Investment Necessary to Accelerate Access to Medications

Tue, 07/09/2019 - 18:20

Q: How will Pfizer's US$26 million investment at its Toluca plant accelerate the launching of new products in Mexico?
A: We are planning to improve our manufacturing plant to ensure that our products are manufactured using state-of-the-art technology. Our investment in clinical trials is directly linked to launching new molecules in the market. We have roughly 30 clinical trials in Mexico with approximately 500 patients and we are collaborating with research centers across the globe to generate data to bring these breakthroughs to the market. We are also investing in scientific projects through Instituto Científico Pfizer (Pfizer Scientific Institute).
Pfizer’s new mission is to be able to launch innovative medicines that change patients’ lives at a faster pace. Patients are at the center of everything we do and innovation is our driving force. We do not want medicines that are just a bit different; we want to find breakthroughs that save patients’ lives. Innovation has characterized Pfizer for 170 years.
Q: How is Pfizer adapting its R&D strategy to address existing and future healthcare problems?
A: About 15 percent of Pfizer’s global profit – approximately US$8 billion – is used to fund R&D every year in many therapeutic areas. At this point, we are focusing on those diseases where we can generate significant scientific advances and on those that have been overlooked. We are investing in oncology, inflammation, immunology, new vaccines, rare diseases, antibiotics and cardiovascular diseases. One of our products uses genetic modifications to cure hemophilia type A and B. We are also developing new antibiotics to combat superbugs. Unchecked, antimicrobial resistance will kill more people than cancer by 2050, at an estimated rate of 10 million lives per year. Our goal is to launch 25 new therapies by 2025.
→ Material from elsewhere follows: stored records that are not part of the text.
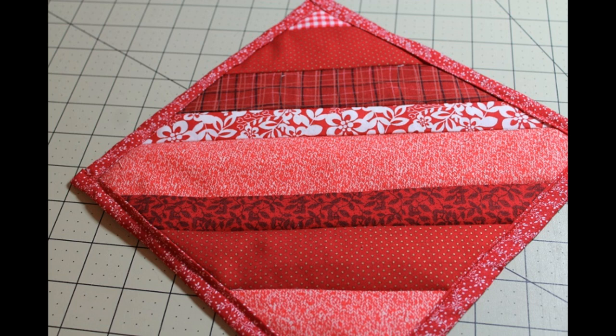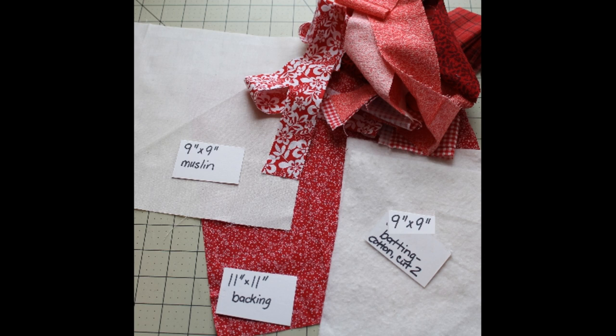Today we're going to make a strip pot holder. For this project you will need fabric strips 1 to 3 inches wide in varying lengths, a 9 by 9 inch piece of muslin fabric for the foundation, and two pieces of cotton batting 9 inches by 9 inches.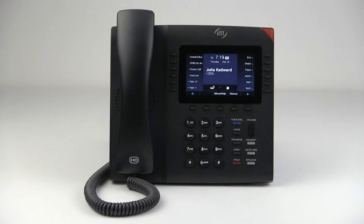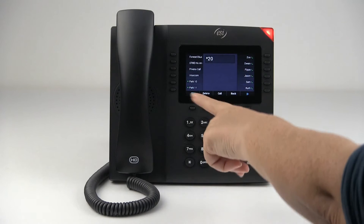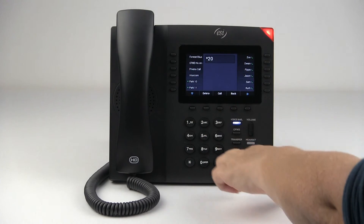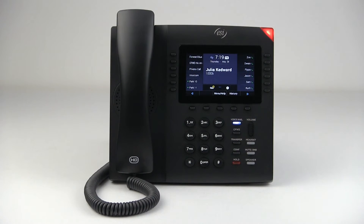So there's intercom. Essentially how it works is you just press intercom — it'll ask you to enter in the extension. Once you enter that extension and press pound, it will barge in to that extension, meaning you'll come through the speaker, or the earpiece, the handset, to notify the person that you need to talk to them.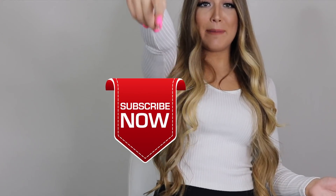Hi guys, welcome back to my channel. To start off this video, let's hit subscribe together — ready? One, two, three, subscribe!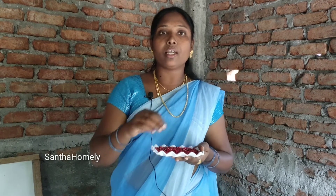Friends, I am going to share this video with you. This video is the most useful. I have not talked about this before, so I am going to share it with you now. You will find this very helpful.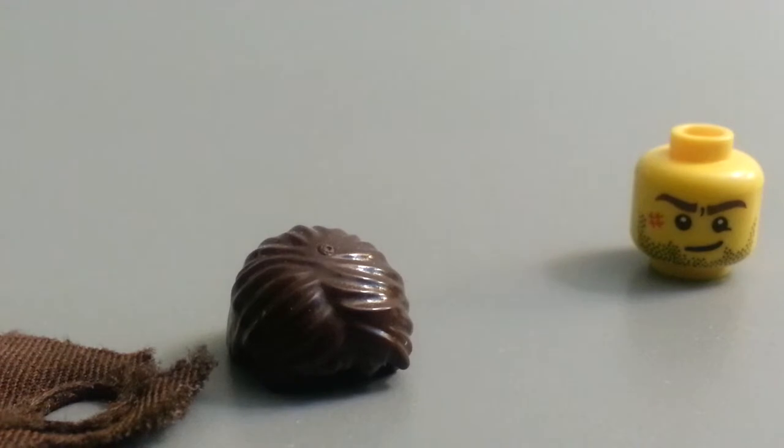Sorry, it's a little blurry. Let me see if I can zoom in there. Okay, that's better.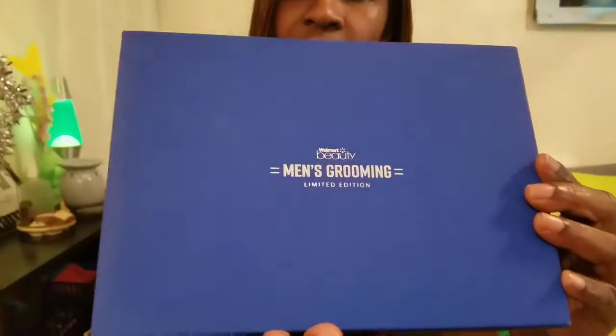You get them four times a year for each season, and every now and then for certain holidays they'll feature a box. They had a Mother's Day box — I missed that one — and I guess for Father's Day they did the men's grooming box. This box was seven dollars to get it shipped to me.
Q: What role will genetic medicine play in Pfizer’s pipeline and how are you involving local institutions in this research?
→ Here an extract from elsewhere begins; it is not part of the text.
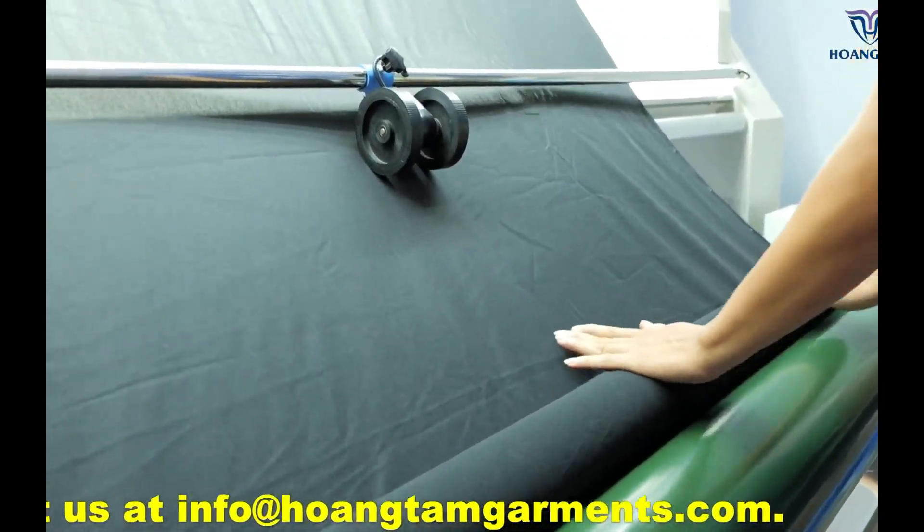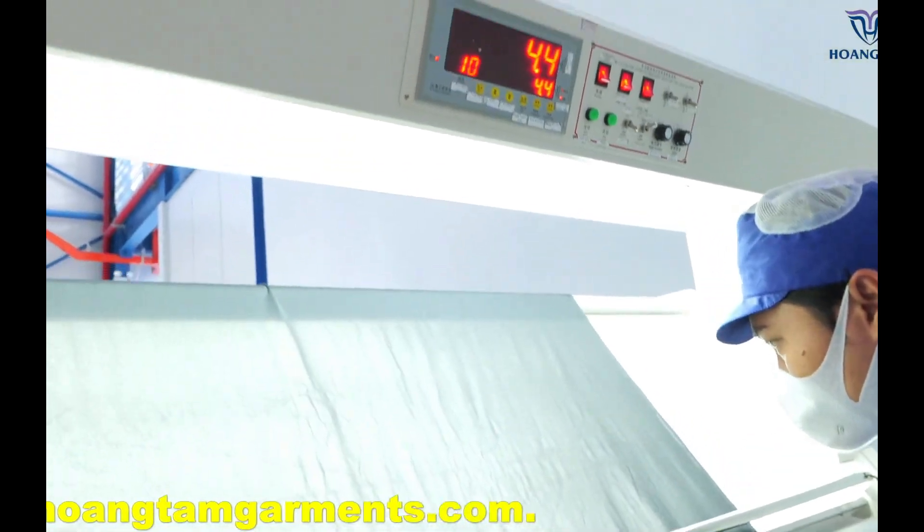If the fabric has more than four points, it's considered a second grade fabric and not suitable for use.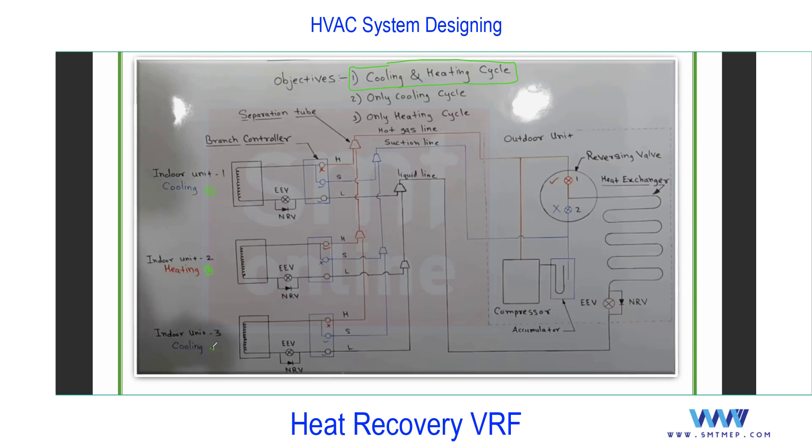In cooling plus heating mode simultaneously — for example, space one calls for cooling, space two for heating, space three for cooling — the relevant valve is in open position. The refrigerant starts from the compressor and flows in both directions. Flow in the right direction gives cooling; flow in the left direction gives heating. Partly refrigerant flows left, partly right, because this valve is now open. The first indoor calls for cooling — its valve is open, and the refrigerant enters and acts as an evaporator.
A: Genetic medicine will play a major role in our strategy, as a significant part of our efforts to discover new medications uses and new information about the human genome. Our scientists are modifying genes from patients so their own bodies can fight diseases that have no treatment. Genetic medicine and immunotherapy are becoming increasingly important in pharmaceutical research. The latter has led to the development of immune-oncology, which aims to modify the immune system to fight cancer cells without medication.
In 2018, we established an alliance with INMEGEN to strengthen research on the Mexican genome to develop treatments specifically for the local population. Genetics can change significantly from one area to the next. Our goal is to use this alliance to understand the genome of local populations. For the past 15 years, Pfizer’s Scientific Institute has allied with scientists and institutions to bring basic research to Mexico. We also work with local universities and the National Medicine Academy to recognize the best medical students from all universities.
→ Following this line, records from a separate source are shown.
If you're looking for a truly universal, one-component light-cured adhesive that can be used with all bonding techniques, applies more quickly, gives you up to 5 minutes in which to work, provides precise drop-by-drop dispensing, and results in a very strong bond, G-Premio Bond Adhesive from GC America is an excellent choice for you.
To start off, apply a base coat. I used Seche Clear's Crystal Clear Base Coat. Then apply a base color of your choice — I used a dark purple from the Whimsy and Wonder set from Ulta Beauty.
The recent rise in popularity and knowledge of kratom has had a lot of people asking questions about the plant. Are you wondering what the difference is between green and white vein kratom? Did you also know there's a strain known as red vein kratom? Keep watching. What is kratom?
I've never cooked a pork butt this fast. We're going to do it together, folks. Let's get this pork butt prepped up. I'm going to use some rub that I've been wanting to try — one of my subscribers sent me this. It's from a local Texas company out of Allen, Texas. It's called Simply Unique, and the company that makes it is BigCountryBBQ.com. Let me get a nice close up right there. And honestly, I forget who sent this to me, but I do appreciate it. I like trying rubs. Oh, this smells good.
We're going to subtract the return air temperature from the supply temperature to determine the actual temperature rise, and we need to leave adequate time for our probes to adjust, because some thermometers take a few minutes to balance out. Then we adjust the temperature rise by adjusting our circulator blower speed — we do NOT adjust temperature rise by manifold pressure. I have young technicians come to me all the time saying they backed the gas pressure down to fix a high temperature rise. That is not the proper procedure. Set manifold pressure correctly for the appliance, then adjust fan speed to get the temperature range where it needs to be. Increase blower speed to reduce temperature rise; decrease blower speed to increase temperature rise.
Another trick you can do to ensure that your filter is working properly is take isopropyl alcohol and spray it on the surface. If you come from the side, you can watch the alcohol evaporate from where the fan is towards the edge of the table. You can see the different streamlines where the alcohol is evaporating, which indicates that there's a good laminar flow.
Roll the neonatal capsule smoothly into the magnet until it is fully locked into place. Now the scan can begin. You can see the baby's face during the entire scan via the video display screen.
Q: What are the main access barriers Pfizer has identified in the Mexican market and how are you overcoming them?
A: Since January 2019, the company has been directed by Albert Boula, who is reinforcing our position to put patients at the center and our focus on developing markets to look for ways to make innovative medications more available to patients. We are becoming more creative in developing ways to increase access to healthcare, such as developing innovative payment schemes that will increase access by allowing public institutions to pay for results instead of products.
Mexico has some of the greatest challenges in the region regarding the introduction of innovative medications. For every 100 medications registered in Mexico, only four reach the patients who need them. For instance, we have a product that treats metastatic breast cancer and doubles life expectancy. However, patients in the public system cannot access this medication. Moreover, introducing innovative medicines to public institutions takes around five years. Mexico must recognize the benefits of increasing access to health.